At this point, I have given up on that approach and just put the table name right in the connection string as before. The only thing I'm doing is using another function to wrap it in square brackets. This is the state of my code right now, and it's still not working (no error, it just returns 0 results, even though I have confirmed on SSMS that the parameters I'm feeding it should get 1 result):

def get_data_with_guid_filter(entity_set_name, filter_col, filter_val):
    connString = get_connection_string()
    conn = pyodbc.connect(connString)
    logger.debug(f'Attempting to fetch all data from {entity_set_name} where {filter_col} = {filter_val}.')
    entity_set_name = paramaterize(entity_set_name, "sysid")
    filter_col = paramaterize(filter_col, "sysid")
    filter_val = paramaterize(filter_val, "guid")
    params_tuple = (filter_col,) + (filter_val,)
    query = f"SELECT * FROM {entity_set_name} WHERE ? = ?"

    retValue = pd.read_sql(query, conn, params=params_tuple)

    returnCount = len(retValue.index)

    if returnCount == 0:
        logger.warning('Fetch failed: no data retrieved.')
    else:
        logger.info(f'{returnCount} row(s) retrieved.')

    return retValue

def paramaterize(param, param_type):
    if param_type == "guid":
        return f"(SELECT CONVERT(uniqueidentifier, '{param}'))"
    elif param_type == "string":
        return f"'{param}'"
    elif param_type == "sysid":
        return f"[{param}]"
    else:
        return param

Let's say the parameters are 'mytable', 'ID', and '123456' [not literally - just pretend that's a real GUID]. I can go into SSMS right now, enter SELECT * FROM [mytable] WHERE [ID] = (SELECT CONVERT(uniqueidentifier, '123456')), and get 1 result.
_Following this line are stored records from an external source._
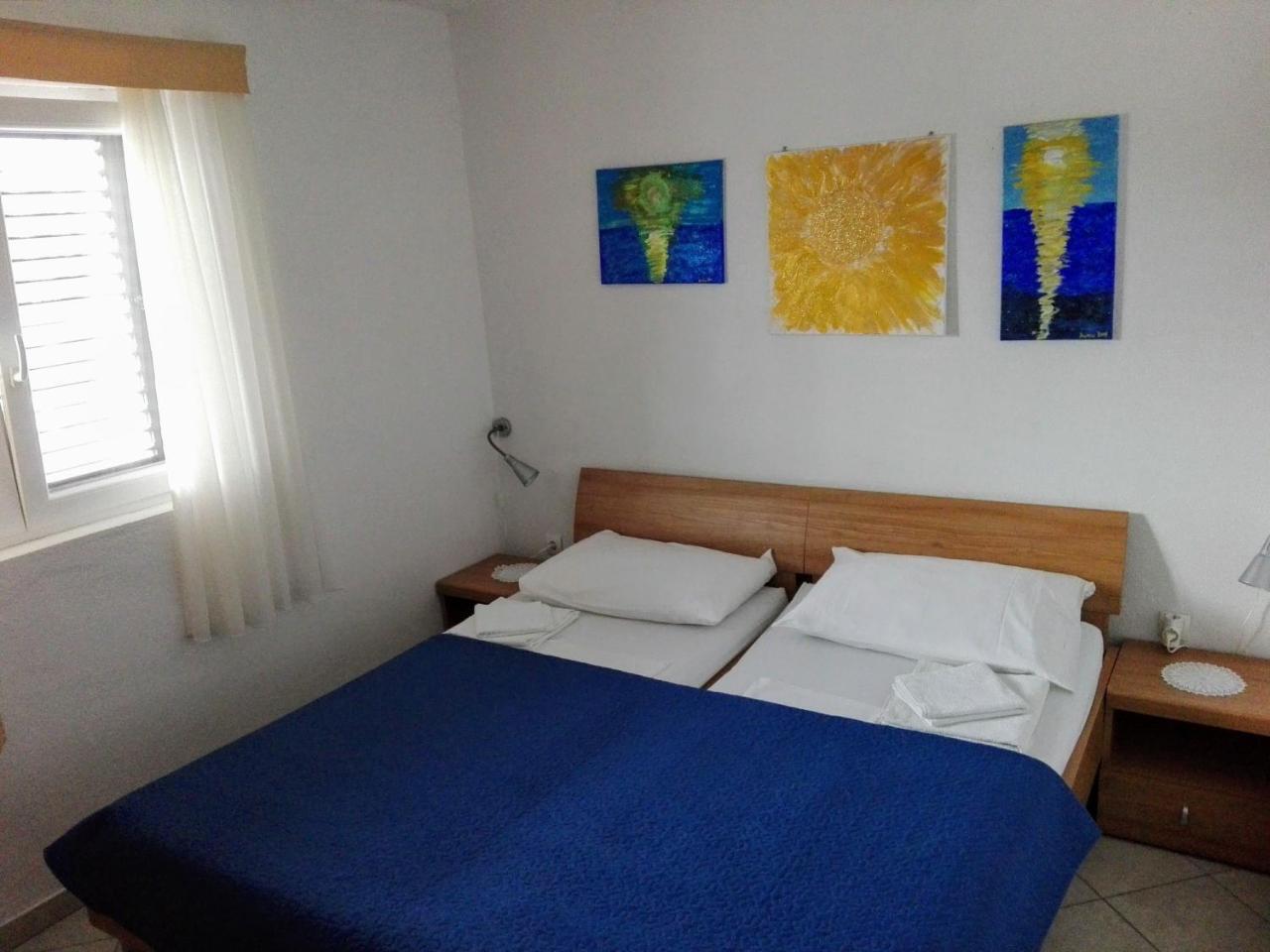 Apartments Dora, With A Beautiful View Of The Bay, Near The Sea And Center Vrboska Esterno foto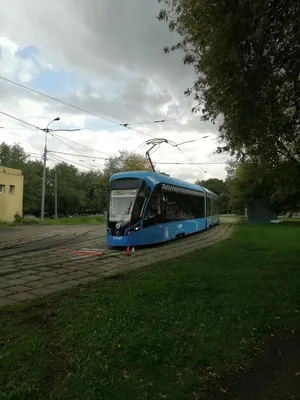 Городской современный трамвай на улице московского городского пассажирского  транспорта, стилизованный под москву, россию | Премиум Фото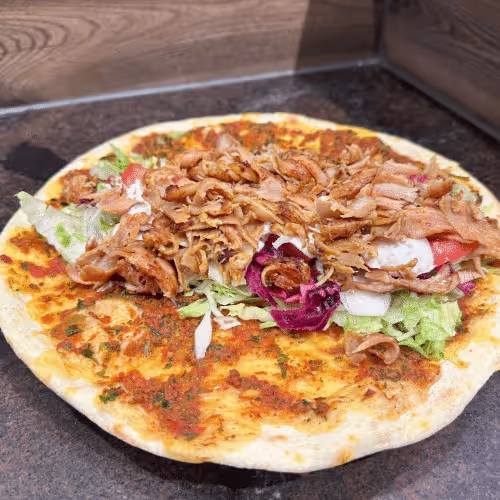 Lahmacun mit Salat und Kebapfleisch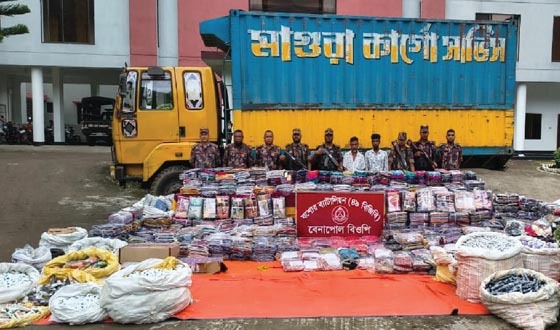 বেনাপোলে কার্গো ট্রাকসহ আড়াই কোটি টাকার ভারতীয় পণ্য জব্দ, আটক ২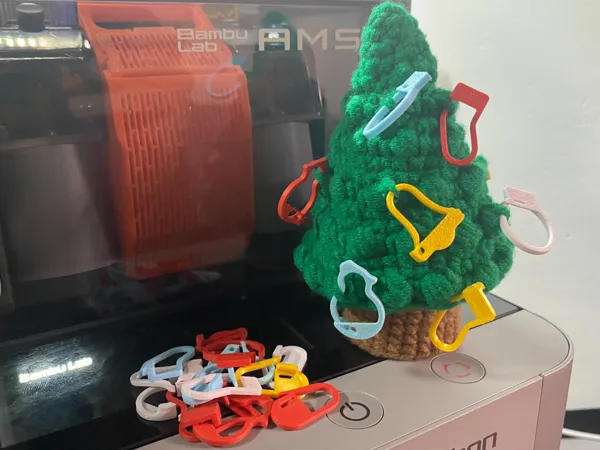 https://makerworld.bblmw.com/makerworld/model/US7e4677f67bfb8e/design/2025-12-14_5d26cedec76ef8.jpg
But in Python, I get zero results and no error.

What's extra weird is I still get 0 results and no error even if I do either of these:

  • change filter_val = paramaterize(filter_val, "guid") to filter_val = paramaterize(filter_val, "string") (this is weird to me, because when I was trying the EXEC approach, I got an error that I understood to mean I could not filter a GUID column by an nvarchar value in a prepared statement!)
  • remove the outer brackets from the value that gets returned by filter_val = paramaterize(filter_val, "guid"), even though SSMS seems to require those brackets

Solution

  • The comments and a bit more digging helped guide me to the solution I was looking for. This allows me to have a function that dynamically makes an SQL call given table name, column name, and GUID parameters while also (AFAIK) providing security against SQL injection:

    def get_sql_entity_set_data(entity_set_name, filter_col=None, filter_val=None):
        connString = get_connection_string()
        conn = pyodbc.connect(connString)
        entity_set_name = paramaterize(entity_set_name)
    
        if filter_col is not None and filter_val is not None:
            filter_col = paramaterize(filter_col)
    
            query = f"""
                SET NOCOUNT ON;
                DECLARE @table nvarchar(128) = {entity_set_name};
                DECLARE @whereColumn nvarchar(128) = {filter_col};
                DECLARE @query nvarchar(max) = 'SELECT * FROM ' + QUOTENAME(@table) + ' WHERE ' + QUOTENAME(@whereColumn) + ' = ' + ?;
                EXEC sp_executesql @query
            """
    
            logger.debug(f'Attempting the following SQL command: {query}.')
            retValue = pd.read_sql(query, conn, params=(paramaterize(filter_val),))
        else:
            query = f"""
                SET NOCOUNT ON;
                DECLARE @table nvarchar(128) = {entity_set_name};
                DECLARE @query nvarchar(max) = 'SELECT * FROM ' + QUOTENAME(@table);
                EXEC sp_executesql @query
            """
    
            logger.debug(f'Attempting the following SQL command: {query}.')
            retValue = pd.read_sql(query, conn)
    
        returnCount = len(retValue.index)
    
        if returnCount == 0:
            logger.warning('Fetch failed: no data retrieved.')
        else:
            logger.info(f'{returnCount} row(s) retrieved.')
    
        return retValue
    
    def paramaterize(param):
        return f"'{param}'"
    

    Note: I learned that I couldn't use a ? for a column name either (just like I couldn't use one for a table name).